Cornell University scientists are building a library of basalt spectra to study the composition of exoplanets and detect potential evidence of water. Using JWST data and simulations based on the exoplanet LHS 3844b, they analyzed spectral signatures to distinguish different rock types. Their findings could improve understanding of exoplanet surfaces and habitability.

Researchers are using basalt spectroscopy to study exoplanets and using the James Webb Space Telescope to search for water. By studying chemical processes in Earth's hot mantle, Cornell University scientists are building a library based on the spectral signatures of basalt. This research aims to determine the composition of exoplanets and provide evidence for water on these exoplanets.

Engineering professor Esteban Gazel said: "When the Earth's mantle melts, it produces basalt. Basalt is a gray-black volcanic rock that is found throughout the solar system and is an important recorder of geological history. When the mantle of Mars melts, it also produces basalt. The moon is mostly basalt," he said. "We are testing basaltic materials on Earth to ultimately elucidate the composition of exoplanets using data from the James Webb Space Telescope."

Gazel and Emily First, a former postdoctoral researcher at Cornell University and now an assistant professor at Macalester College in Minnesota, are the authors of a study recently published in Nature Astronomy.

Gazel said understanding how minerals record the processes that formed these rocks, and what their spectral signatures are, is the first step in developing a library of them: "We know that most exoplanets produce basalts because the metallicity of their host stars leads to mantle minerals (iron-magnesium silicates) so that when they melt, the phase equilibrium (the balance between two states of matter) predicts that the resulting lava will be basalt. It will not only prevail in our solar system, but throughout the Milky Way."

First, 15 basalt samples were measured for their emissivity, which refers to the extent to which a surface radiates energy encountered, which can help search for spectral signatures that the space telescope's mid-infrared spectrometer might detect.

Once basalt melt erupts on an exoplanet and cools, the basalt hardens into a solid rock, known as lava on Earth. If water is present, the rock will interact with the water to form new hydrated minerals, which are easily detected in infrared spectra. These altered minerals may become amphibole (a hydrated silicate) or serpentine (another hydrated silicate that looks like snakeskin).

By studying tiny spectral differences between basalt samples, scientists could theoretically determine whether exoplanets once had flowing surface or interior water, Gazelle said.

Evidence of water would not be immediately apparent and further work would be needed before this detection method could be adopted. The James Webb Space Telescope (JWST) is about 1 million miles from Earth, and it takes dozens to hundreds of hours to focus on a system a light-year away, and then even more time to analyze the data.

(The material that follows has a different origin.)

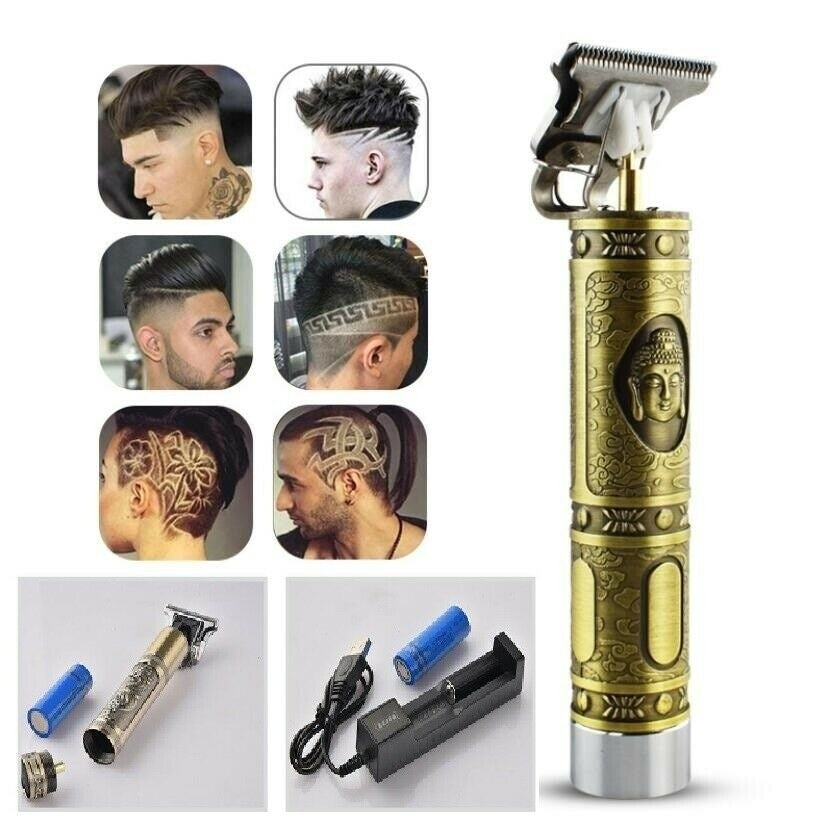 PROMOTIE 1+1 | Aparat Tuns Profesional Auriu + Trimmer Contur Negru | Wireless | Autonomie Extinsa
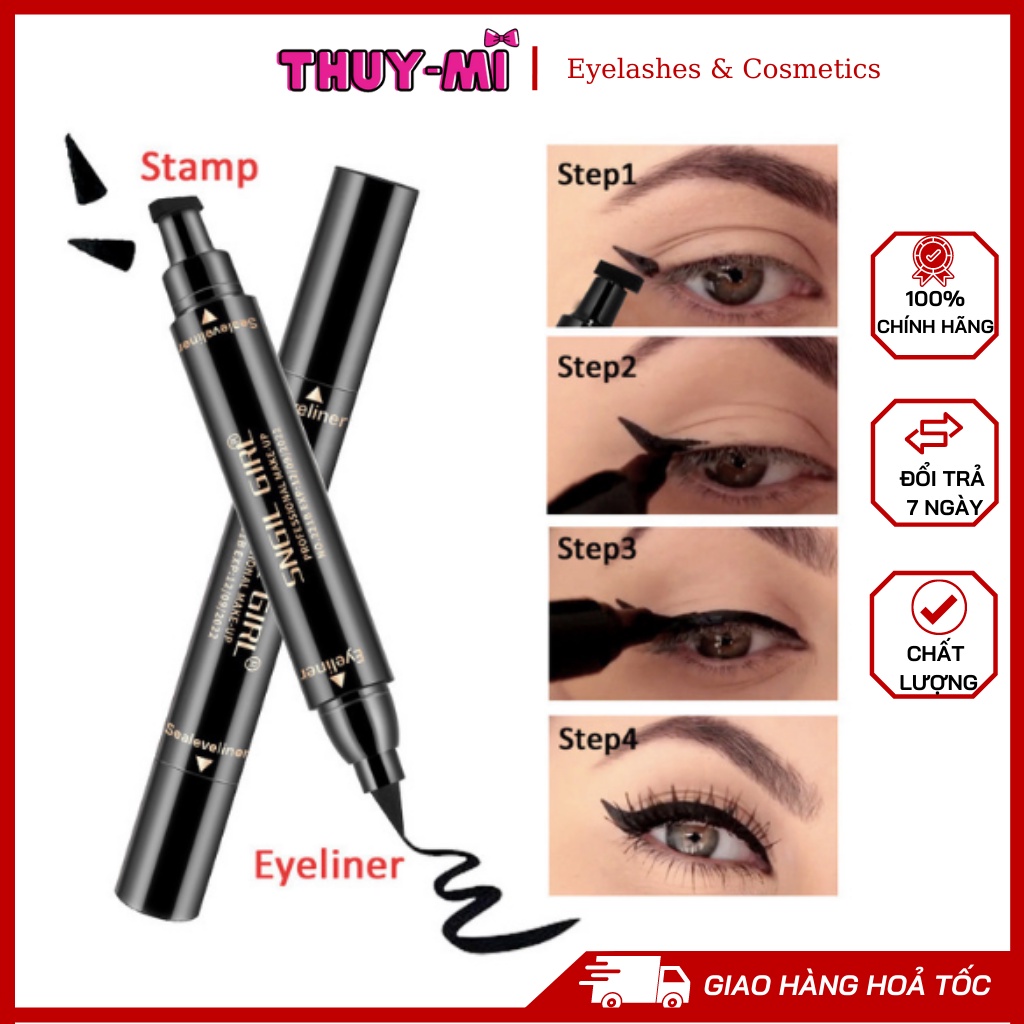 Bút kẻ mắt nước 2 đầu TẠO KHUÔN ĐUÔI MẮT SẴN chống nước không lem không trôi CAO CẤP No.Q614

The research team used data from the super-Earth exoplanet LHS 3844b when looking for a rocky exoplanet to simulate their hypothesis and consider 15 different characteristics.

Ishan Mishra, who works in the laboratory of Nikole Lewis, associate professor of astronomy, wrote computer code to model First's spectral data to simulate how different exoplanet surfaces would behave on JWST.

Lewis said the modeling tools were originally intended for other applications. "Ishan's coding tools were originally developed to study icy moons in the solar system," she said. "We are now finally translating what we have learned in the solar system to exoplanets."

"Our goal was not to evaluate LHS 3844b specifically," First said, "but to consider a reasonable range of basaltic exoplanets that JWST and other observatories might observe in the coming years."

When it comes to exoplanets, exploration of rocky surfaces has been mostly limited to single data points - only finding evidence of chemical types in the scientific literature - but that is shifting to multi-component as observers take advantage of JWST, the researchers said.

By trying to find characteristics related to the mineralogy and chemical composition of the bulk -- for example, how much silicon, aluminum and magnesium is in the rock -- geologists can learn more about the conditions under which the rock formed, geologists said.

"On Earth, if you have basalts erupting from the ocean floor deep in mid-ocean ridges, and those basalts are erupting on oceanic islands like Hawaii, you'll find some differences in the bulk chemistry of those rocks," First said. "But even bulk rocks with similar chemical compositions may contain different minerals, so those are important features to study."